I have written in the past about my demisexuality, though I sometimes struggle with that label. Sexuality is not a choice, and we have the ongoing nature/nurture discussions, but so much of my demisexual experience seems connected with my anxiety. The implication there would be that if I resolved my anxiety enough, I might also cease to be demisexual.

This is the second part of the process. Anxiety makes me averse to touch except in certain circumstances, such as a high level of comfort with a person, which then translates to a selfless attitude towards sex. What attracts me to another person sexually is a high level of emotional and mental connection, and the knowledge that they’re excited by me. I’m kind of indifferent to sex, but I enjoy their enjoyment.

The translation is that I enjoy the idea of sex more than sex itself. The reality (of my personal experience) is underwhelming because it’s concrete and tangible. The idea of sex is ethereal. Fellow writers might understand it the way we conceptualise and idea and then what we get on paper feels like a poor imitation.

I think the reason for that is people put a lot of emphasis on touch. Sex is primarily a question of “feel” (both in a physical and emotional sense). I love the emotional sense, but the physical sense is too delimited. People seem to agree, at least in a non-sexual sense, because when recounting relationships, we hear people remembering the other sense: how someone smelled, how a kiss tasted, physical features, the sound of their voice or breathing.

Those other sense are the ones that tend to engage our minds. Encountering a smell can transport us to another place a time. It might be an objective smell, but the other senses contextualise things and give them that ethereal quality.

It’s a lot of romanticism, but that is where the appeal of sex resides in me. It makes the other person intoxicating and special, which in turn makes the relationship special. Because the point of this is not an attempt at a universal perspective on sex, it’s a personal perspective informed by psychology (and that being one marked by several anxieties). The sex is not about sex, but about belonging and authenticity.
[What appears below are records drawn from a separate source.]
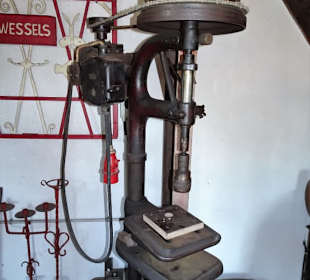 In der historischen Schmiede des Museums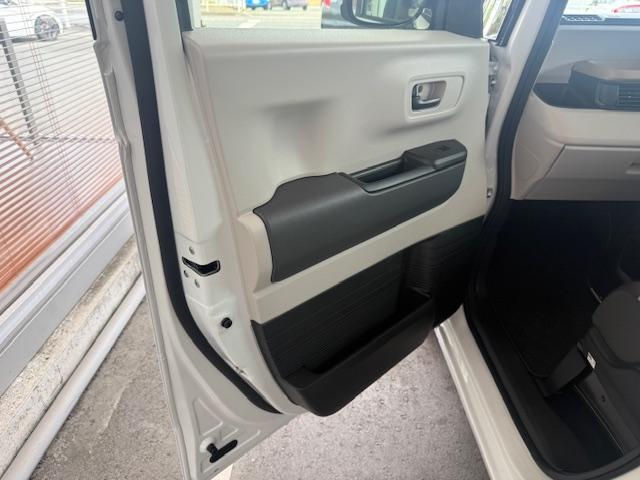 Ｎ－ＢＯＸ ベースグレード　当社元デモカー　ディスプレイオーディオ　両側パワースライドドア　バックカメラ　ドライブレコーダー　シートヒーター　ＨｏｎｄａＳＥＮＳＩＮＧ　ＨｏｎｄａＣＯＮＮＥＣＴ　ＡＭ／ＦＭ　Ｂｌｕｅｔｏｏｔｈ（70枚目）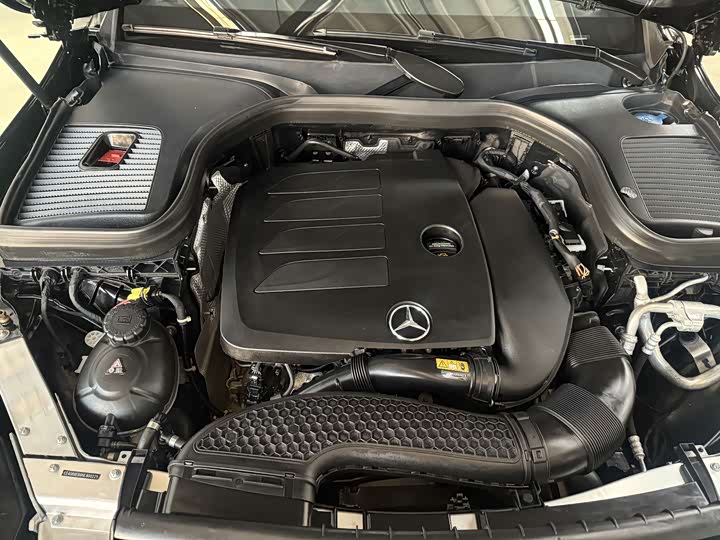 Фото 9 - Mercedes-Benz GLC-Class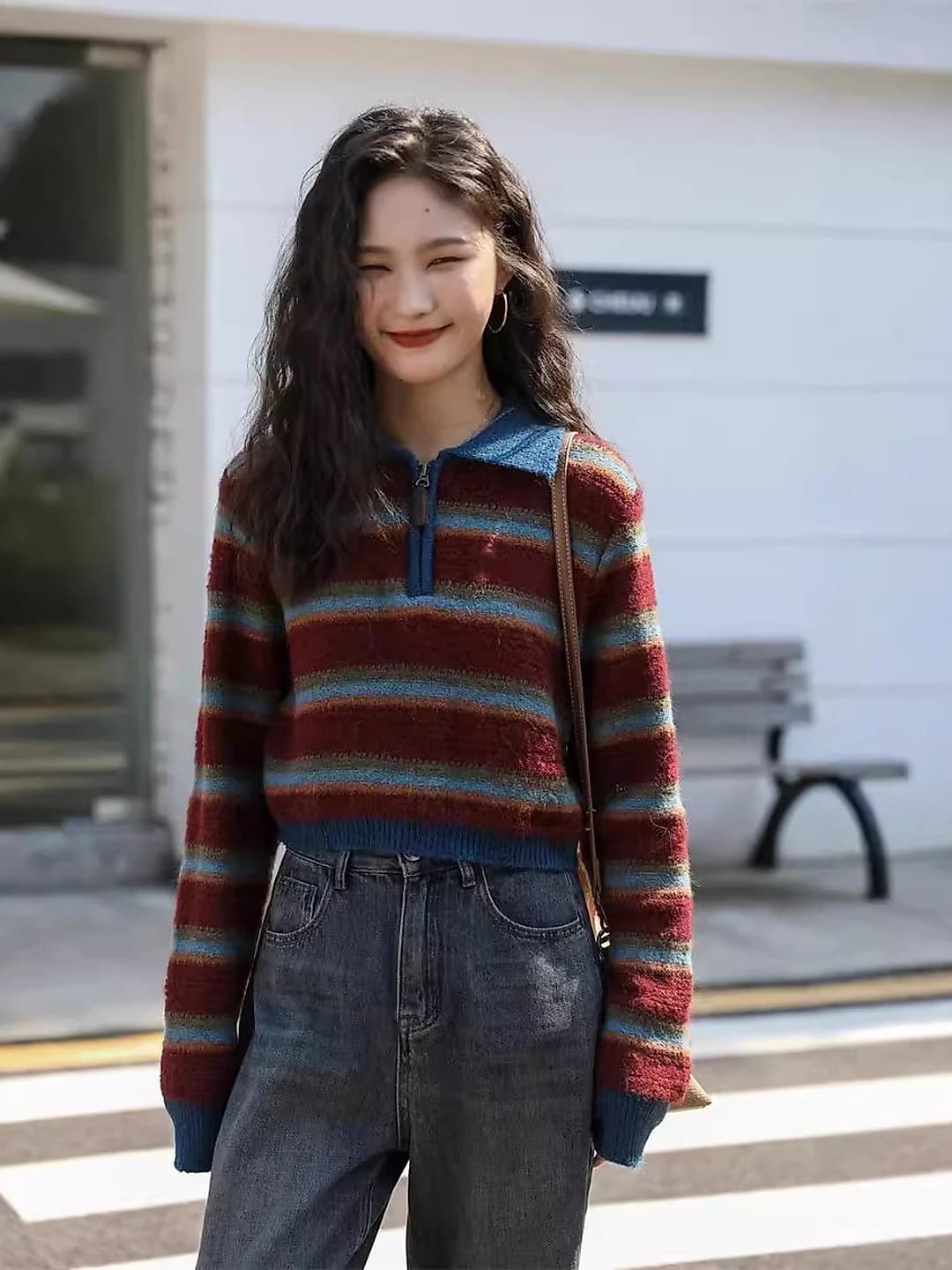 Ayollar uchun kuz-qish retro POLO yoqali chiziqli fermuarli trikotaj sviter, bo'sh (oversize) kalta uzun yengli
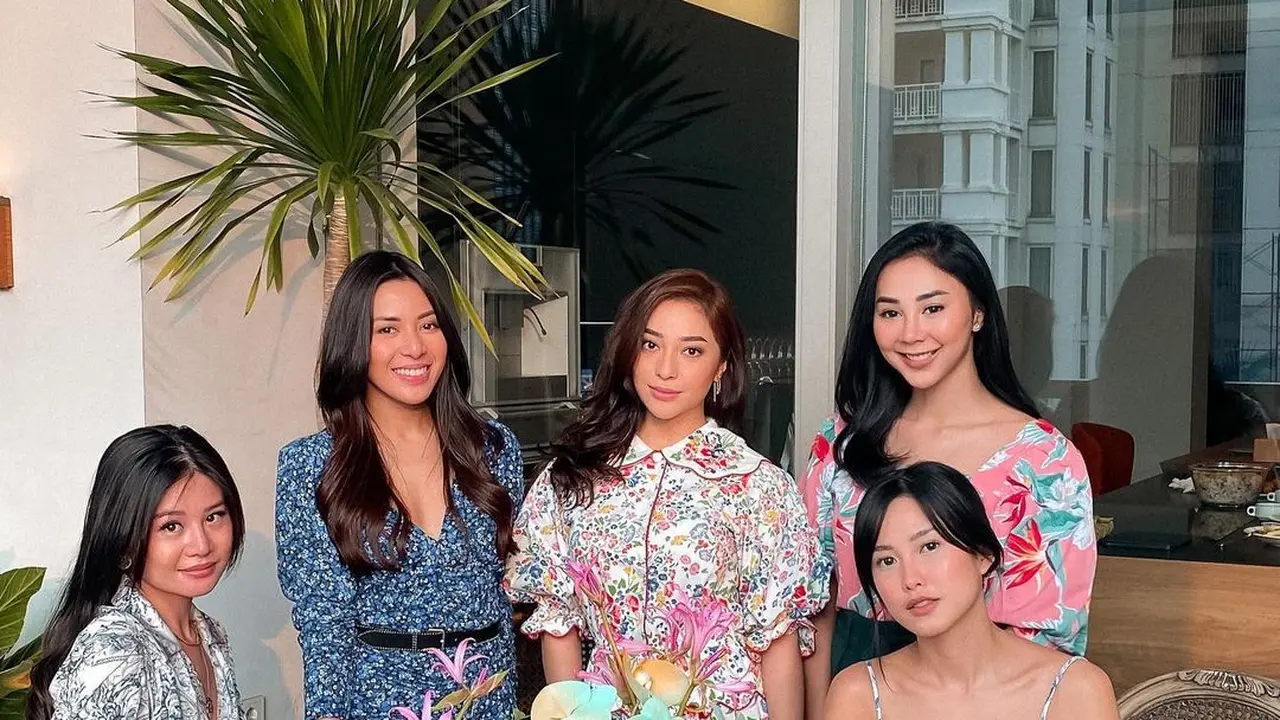 Dapat Kejutan dari Sahabat, Ini 7 Momen Bridal Shower Nikita Willy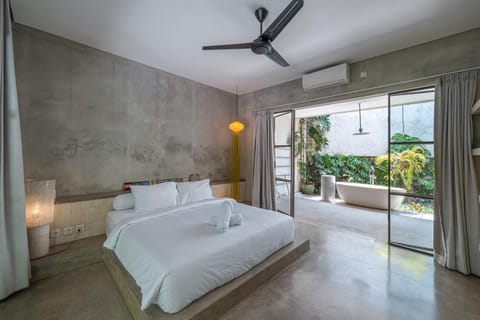 Fugees - Luxe 4BR Concrete Villa, 7 Min to Pererenan Beach! Villa in North Kuta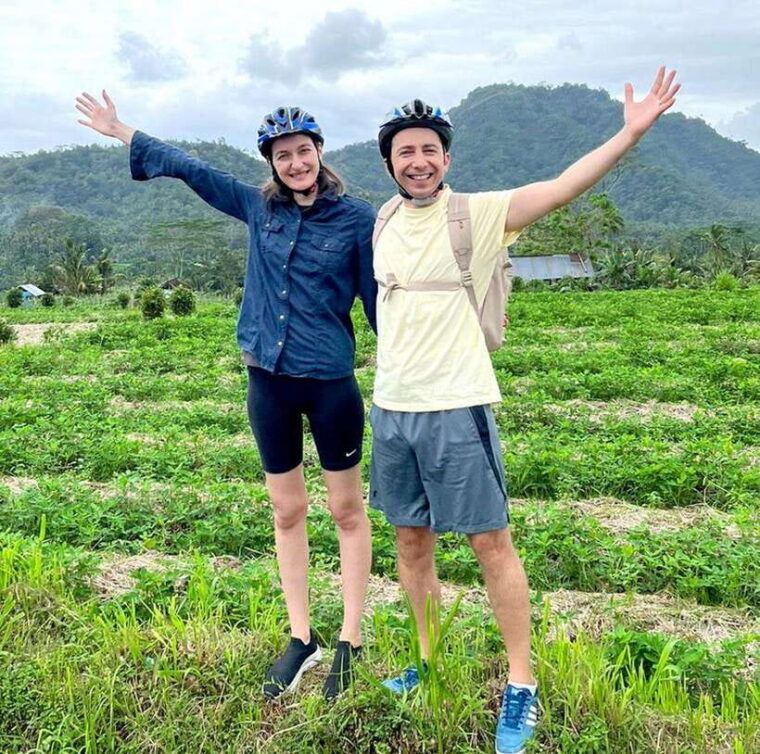 bali-sidemen-valley-cycling-tour-with-gembleng-waterfall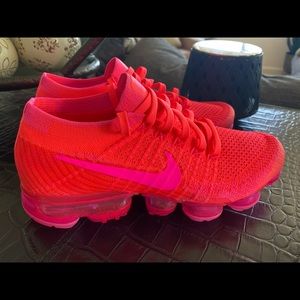 NEW Woman’s 7.5 Nike Air VaporMax Flyknit Hyper Punch / Punk Blast # 849557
The demisexuality refers to a need for an emotional connection with the person because the want, the real want, is to be vulnerably intimate with someone that matters. It’s a form of communication where one already knows how they feel about the other person, but it becomes confirmation that the other person feels just as strongly.

Personally, when the emphasis is too much on the matter of touch that does not occur. Quite the opposite, it implies the presence of a barrier. When someone touches me, I feel that they are trying to get close but can’t. It leaves me feeling somewhat distant (assuming it’s someone emotionally close, otherwise I just feel anxious). The emotional closeness and the aforementioned ethereal qualities of the other senses feel close, like two people so open they inhabit one another for a time.